On the Implicit Bias of Adam
Matias D. Cattaneo, Jason M. Klusowski, Boris Shigida
TL;DR
This paper uses backward error analysis to derive a global, second-order in step size $h$ ODE approximation for Adam (and RMSProp) and its mini-batch and full-batch variants. It shows that Adam typically anti-penalizes the perturbed gradient one-norm $\|\nabla E(\boldsymbol{\theta})\|_{1,\varepsilon}$ when $\sqrt{\varepsilon}$ is small and $\rho$ exceeds $\beta$, signaling implicit anti-regularization that can worsen generalization, while other hyperparameter regimes recover GD-like regularization. Theoretical results are complemented by numerical experiments on vision architectures (ResNets, CNNs, ViTs) and standard datasets, which corroborate the predicted anti-regularization effects and link them to generalization performance.
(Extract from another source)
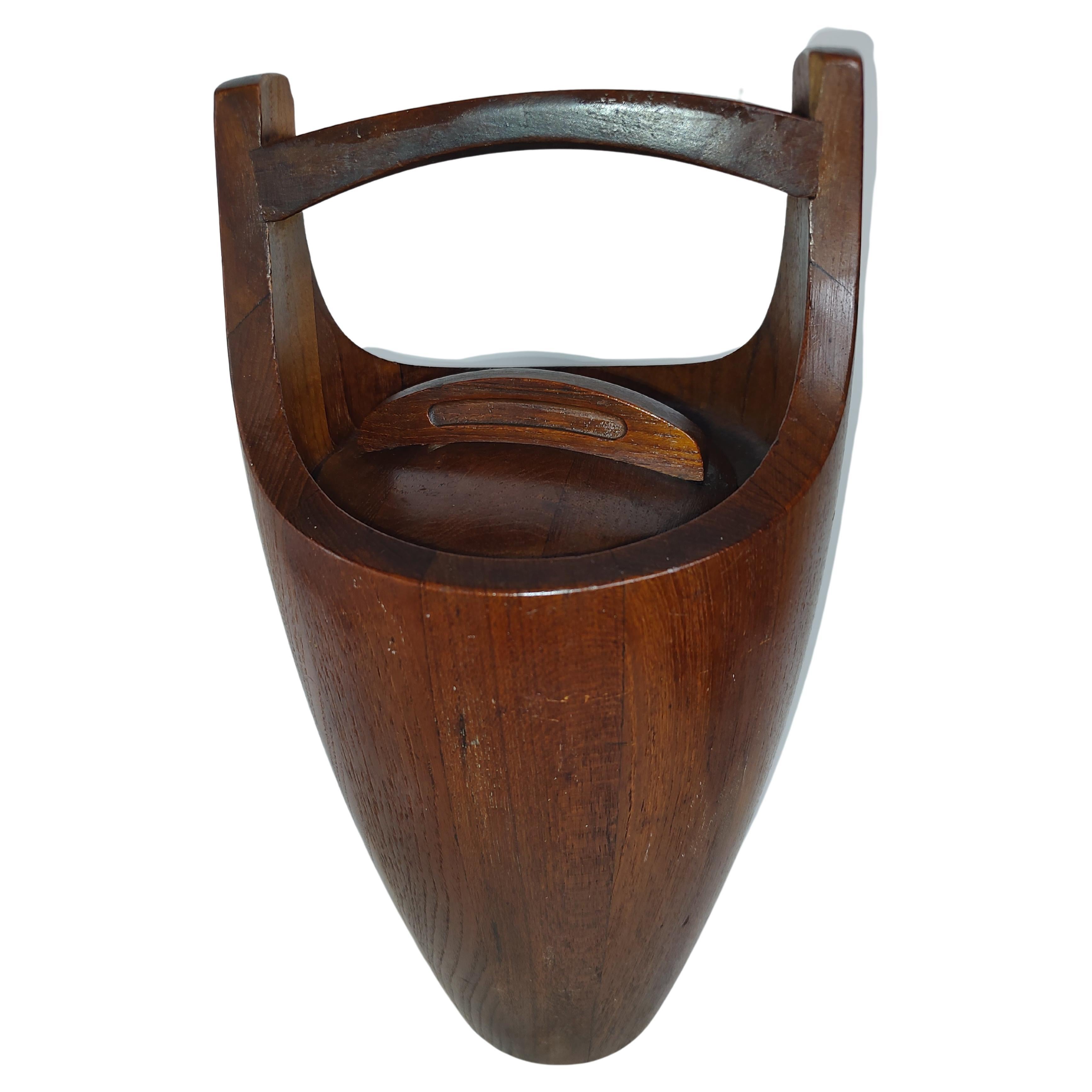 Mid-Century Modern Sculptural Danish Teak Ice Bucket by Jen's Quistgaard In Good Condition For Sale In Port Jervis, NY
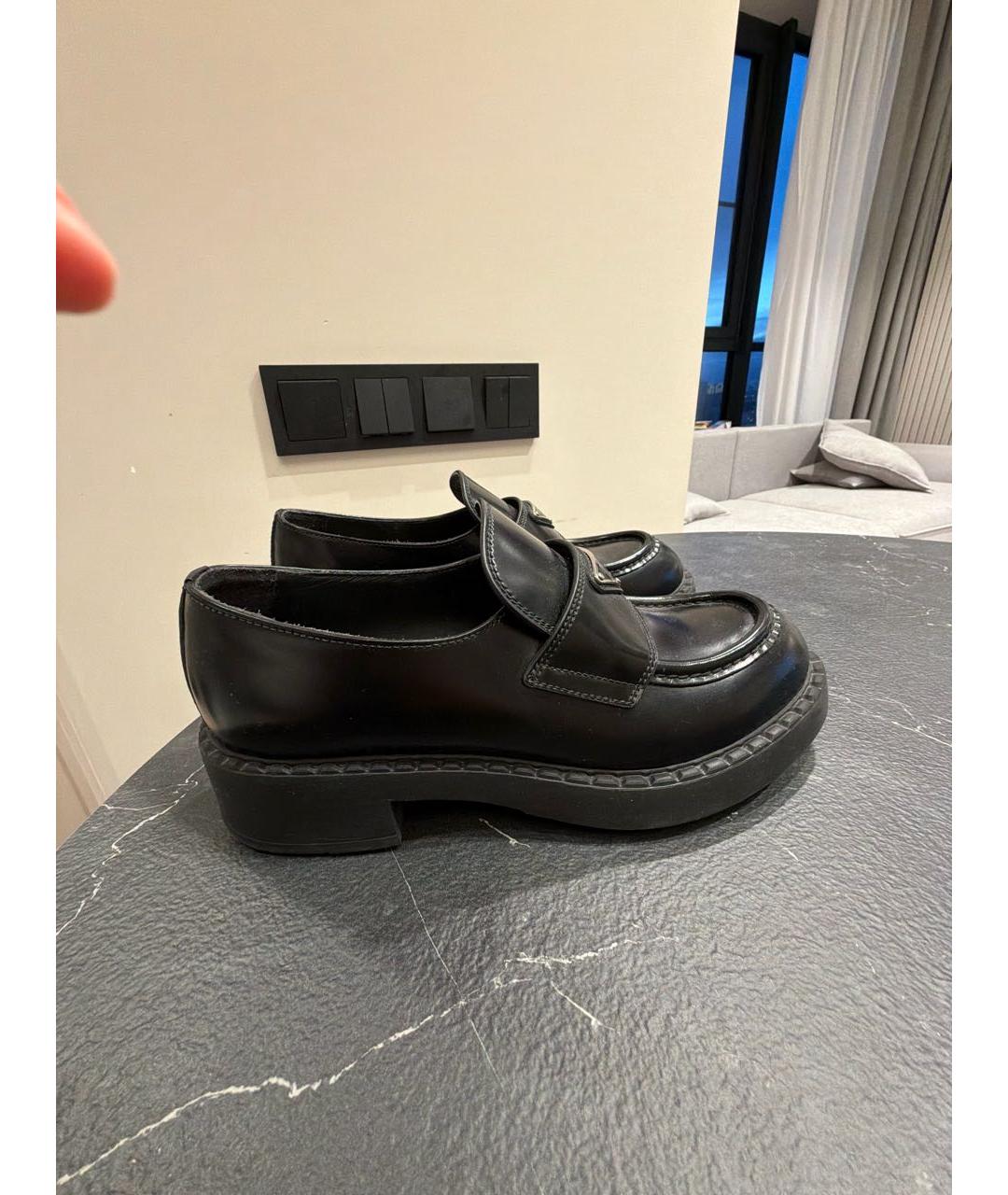 PRADA Черные кожаные лоферы, фото 5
Overall, the work provides a principled framework for understanding the implicit bias of adaptive optimizers and motivates further study of their generalization behavior across architectures.
Abstract
In previous literature, backward error analysis was used to find ordinary differential equations (ODEs) approximating the gradient descent trajectory. It was found that finite step sizes implicitly regularize solutions because terms appearing in the ODEs penalize the two-norm of the loss gradients. We prove that the existence of similar implicit regularization in RMSProp and Adam depends on their hyperparameters and the training stage, but with a different "norm" involved: the corresponding ODE terms either penalize the (perturbed) one-norm of the loss gradients or, conversely, impede its reduction (the latter case being typical). We also conduct numerical experiments and discuss how the proven facts can influence generalization.